Hu Weiming, Hu Wei, Xie Nianhua, Maybank Steve
National Laboratory of Pattern Recognition, Institute of Automation, Chinese Academy of Sciences, Beijing, China.
IEEE Trans Syst Man Cybern B Cybern. 2009 Oct;39(5):1147-61. doi: 10.1109/TSMCB.2009.2013197. Epub 2009 Mar 24.
Most existing active learning approaches are supervised. Supervised active learning has the following problems: inefficiency in dealing with the semantic gap between the distribution of samples in the feature space and their labels, lack of ability in selecting new samples that belong to new categories that have not yet appeared in the training samples, and lack of adaptability to changes in the semantic interpretation of sample categories. To tackle these problems, we propose an unsupervised active learning framework based on hierarchical graph-theoretic clustering.

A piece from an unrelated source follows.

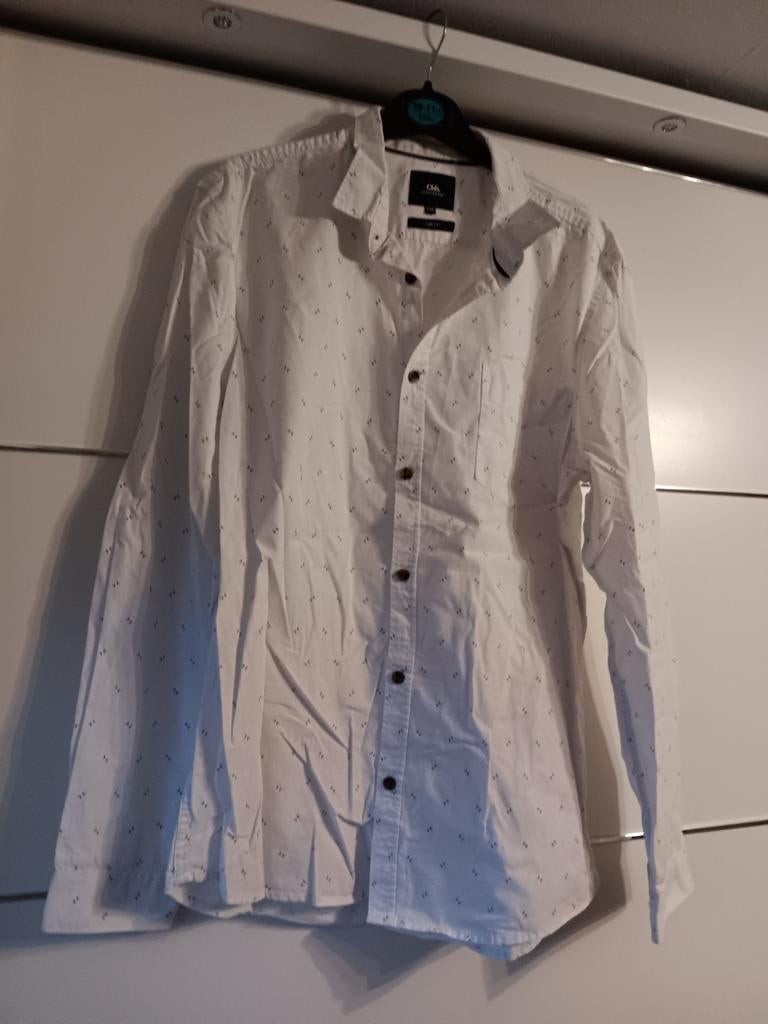 Chemise blanche avec oiseaux XXL Clockhouse coupe slim n19, Enlèvement ou Envoi, Comme neuf, Blanc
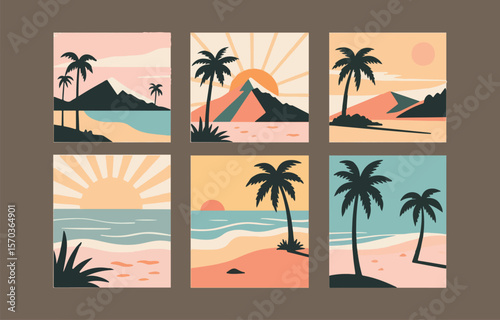 Collection of six minimalist retro tropical beach and mountain landscape illustrations featuring palm trees sunrises sunsets and ocean waves in a muted color palette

In the framework, two promising graph-theoretic clustering algorithms, namely, dominant-set clustering and spectral clustering, are combined in a hierarchical fashion. Our framework has some advantages, such as ease of implementation, flexibility in architecture, and adaptability to changes in the labeling. Evaluations on data sets for network intrusion detection, image classification, and video classification have demonstrated that our active learning framework can effectively reduce the workload of manual classification while maintaining a high accuracy of automatic classification. It is shown that, overall, our framework outperforms the support-vector-machine-based supervised active learning, particularly in terms of dealing much more efficiently with new samples whose categories have not yet appeared in the training samples.
大多数现有的主动学习方法都是有监督的。有监督主动学习存在以下问题:在处理特征空间中样本分布与其标签之间的语义鸿沟时效率低下,缺乏选择属于训练样本中尚未出现的新类别的新样本的能力,以及对样本类别语义解释变化的适应性不足。为了解决这些问题,我们提出了一种基于层次图论聚类的无监督主动学习框架。在该框架中,两种有前景的图论聚类算法,即支配集聚类和谱聚类,以层次方式相结合。我们的框架具有一些优点,如易于实现、架构灵活以及对标签变化的适应性。对网络入侵检测、图像分类和视频分类数据集的评估表明,我们的主动学习框架可以在保持自动分类高精度的同时有效减少人工分类的工作量。结果表明,总体而言,我们的框架优于基于支持向量机的有监督主动学习,特别是在更高效地处理训练样本中尚未出现类别的新样本方面。